▶ [About this task] The whole listing, from first line to last: copy it exactly.

▶ [Extracted information]

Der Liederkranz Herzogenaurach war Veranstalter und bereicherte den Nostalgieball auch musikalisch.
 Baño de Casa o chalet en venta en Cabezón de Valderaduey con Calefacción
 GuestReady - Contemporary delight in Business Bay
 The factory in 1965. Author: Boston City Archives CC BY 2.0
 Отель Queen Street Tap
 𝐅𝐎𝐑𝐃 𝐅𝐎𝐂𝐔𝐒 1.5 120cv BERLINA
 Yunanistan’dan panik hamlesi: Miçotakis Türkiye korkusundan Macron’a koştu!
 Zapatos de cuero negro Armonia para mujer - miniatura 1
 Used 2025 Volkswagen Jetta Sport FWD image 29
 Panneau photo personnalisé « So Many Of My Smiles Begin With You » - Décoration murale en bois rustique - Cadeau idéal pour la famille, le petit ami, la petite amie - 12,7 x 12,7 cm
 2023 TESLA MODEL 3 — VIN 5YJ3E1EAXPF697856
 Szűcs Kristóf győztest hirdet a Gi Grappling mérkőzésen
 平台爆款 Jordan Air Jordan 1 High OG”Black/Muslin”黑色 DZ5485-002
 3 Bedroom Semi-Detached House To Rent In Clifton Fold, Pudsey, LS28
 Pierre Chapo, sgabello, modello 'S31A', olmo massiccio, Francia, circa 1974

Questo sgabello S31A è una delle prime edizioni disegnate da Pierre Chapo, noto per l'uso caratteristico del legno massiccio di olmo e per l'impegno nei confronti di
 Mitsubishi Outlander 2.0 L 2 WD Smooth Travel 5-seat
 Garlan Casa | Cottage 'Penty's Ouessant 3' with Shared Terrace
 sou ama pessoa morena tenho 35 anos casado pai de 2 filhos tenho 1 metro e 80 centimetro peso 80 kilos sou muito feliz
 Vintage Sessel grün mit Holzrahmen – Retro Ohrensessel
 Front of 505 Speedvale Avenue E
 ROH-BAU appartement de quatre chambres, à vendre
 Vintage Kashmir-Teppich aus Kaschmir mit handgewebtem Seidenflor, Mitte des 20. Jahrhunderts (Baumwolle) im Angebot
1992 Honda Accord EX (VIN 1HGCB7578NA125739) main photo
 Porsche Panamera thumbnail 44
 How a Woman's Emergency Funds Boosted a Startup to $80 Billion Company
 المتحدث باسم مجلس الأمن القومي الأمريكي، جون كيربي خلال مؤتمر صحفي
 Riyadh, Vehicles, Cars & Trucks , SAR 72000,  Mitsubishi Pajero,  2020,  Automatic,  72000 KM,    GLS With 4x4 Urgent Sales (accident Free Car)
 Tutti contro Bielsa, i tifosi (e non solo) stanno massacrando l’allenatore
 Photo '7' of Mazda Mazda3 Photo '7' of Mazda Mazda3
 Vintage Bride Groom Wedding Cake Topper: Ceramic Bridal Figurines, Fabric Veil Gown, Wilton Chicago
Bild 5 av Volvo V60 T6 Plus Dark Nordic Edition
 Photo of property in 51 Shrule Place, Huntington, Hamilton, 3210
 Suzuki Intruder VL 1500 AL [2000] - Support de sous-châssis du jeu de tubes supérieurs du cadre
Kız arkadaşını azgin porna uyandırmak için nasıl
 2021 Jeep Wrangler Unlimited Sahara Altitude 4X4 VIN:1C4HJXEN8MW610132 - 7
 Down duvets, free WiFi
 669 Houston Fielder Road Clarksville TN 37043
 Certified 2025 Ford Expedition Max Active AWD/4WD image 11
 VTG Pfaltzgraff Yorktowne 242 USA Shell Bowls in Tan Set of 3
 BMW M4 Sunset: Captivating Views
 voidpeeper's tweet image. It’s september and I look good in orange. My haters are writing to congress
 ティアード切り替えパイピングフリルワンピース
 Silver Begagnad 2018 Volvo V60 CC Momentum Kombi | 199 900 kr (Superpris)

▶ [Reply to the exercise]
Der Liederkranz Herzogenaurach war Veranstalter und bereicherte den Nostalgieball auch musikalisch.
 Baño de Casa o chalet en venta en Cabezón de Valderaduey con Calefacción
 GuestReady - Contemporary delight in Business Bay
 The factory in 1965. Author: Boston City Archives CC BY 2.0
 Отель Queen Street Tap
 𝐅𝐎𝐑𝐃 𝐅𝐎𝐂𝐔𝐒 1.5 120cv BERLINA
 Yunanistan’dan panik hamlesi: Miçotakis Türkiye korkusundan Macron’a koştu!
 Zapatos de cuero negro Armonia para mujer - miniatura 1
 Used 2025 Volkswagen Jetta Sport FWD image 29
 Panneau photo personnalisé « So Many Of My Smiles Begin With You » - Décoration murale en bois rustique - Cadeau idéal pour la famille, le petit ami, la petite amie - 12,7 x 12,7 cm
 2023 TESLA MODEL 3 — VIN 5YJ3E1EAXPF697856
 Szűcs Kristóf győztest hirdet a Gi Grappling mérkőzésen
 平台爆款 Jordan Air Jordan 1 High OG”Black/Muslin”黑色 DZ5485-002
 3 Bedroom Semi-Detached House To Rent In Clifton Fold, Pudsey, LS28
 Pierre Chapo, sgabello, modello 'S31A', olmo massiccio, Francia, circa 1974

Questo sgabello S31A è una delle prime edizioni disegnate da Pierre Chapo, noto per l'uso caratteristico del legno massiccio di olmo e per l'impegno nei confronti di
 Mitsubishi Outlander 2.0 L 2 WD Smooth Travel 5-seat
 Garlan Casa | Cottage 'Penty's Ouessant 3' with Shared Terrace
 sou ama pessoa morena tenho 35 anos casado pai de 2 filhos tenho 1 metro e 80 centimetro peso 80 kilos sou muito feliz
 Vintage Sessel grün mit Holzrahmen – Retro Ohrensessel
 Front of 505 Speedvale Avenue E
 ROH-BAU appartement de quatre chambres, à vendre
 Vintage Kashmir-Teppich aus Kaschmir mit handgewebtem Seidenflor, Mitte des 20. Jahrhunderts (Baumwolle) im Angebot
1992 Honda Accord EX (VIN 1HGCB7578NA125739) main photo
 Porsche Panamera thumbnail 44
 How a Woman's Emergency Funds Boosted a Startup to $80 Billion Company
 المتحدث باسم مجلس الأمن القومي الأمريكي، جون كيربي خلال مؤتمر صحفي
 Riyadh, Vehicles, Cars & Trucks , SAR 72000,  Mitsubishi Pajero,  2020,  Automatic,  72000 KM,    GLS With 4x4 Urgent Sales (accident Free Car)
 Tutti contro Bielsa, i tifosi (e non solo) stanno massacrando l’allenatore
 Photo '7' of Mazda Mazda3 Photo '7' of Mazda Mazda3
 Vintage Bride Groom Wedding Cake Topper: Ceramic Bridal Figurines, Fabric Veil Gown, Wilton Chicago
Bild 5 av Volvo V60 T6 Plus Dark Nordic Edition
 Photo of property in 51 Shrule Place, Huntington, Hamilton, 3210
 Suzuki Intruder VL 1500 AL [2000] - Support de sous-châssis du jeu de tubes supérieurs du cadre
Kız arkadaşını azgin porna uyandırmak için nasıl
 2021 Jeep Wrangler Unlimited Sahara Altitude 4X4 VIN:1C4HJXEN8MW610132 - 7
 Down duvets, free WiFi
 669 Houston Fielder Road Clarksville TN 37043
 Certified 2025 Ford Expedition Max Active AWD/4WD image 11
 VTG Pfaltzgraff Yorktowne 242 USA Shell Bowls in Tan Set of 3
 BMW M4 Sunset: Captivating Views
 voidpeeper's tweet image. It’s september and I look good in orange. My haters are writing to congress
 ティアード切り替えパイピングフリルワンピース
 Silver Begagnad 2018 Volvo V60 CC Momentum Kombi | 199 900 kr (Superpris)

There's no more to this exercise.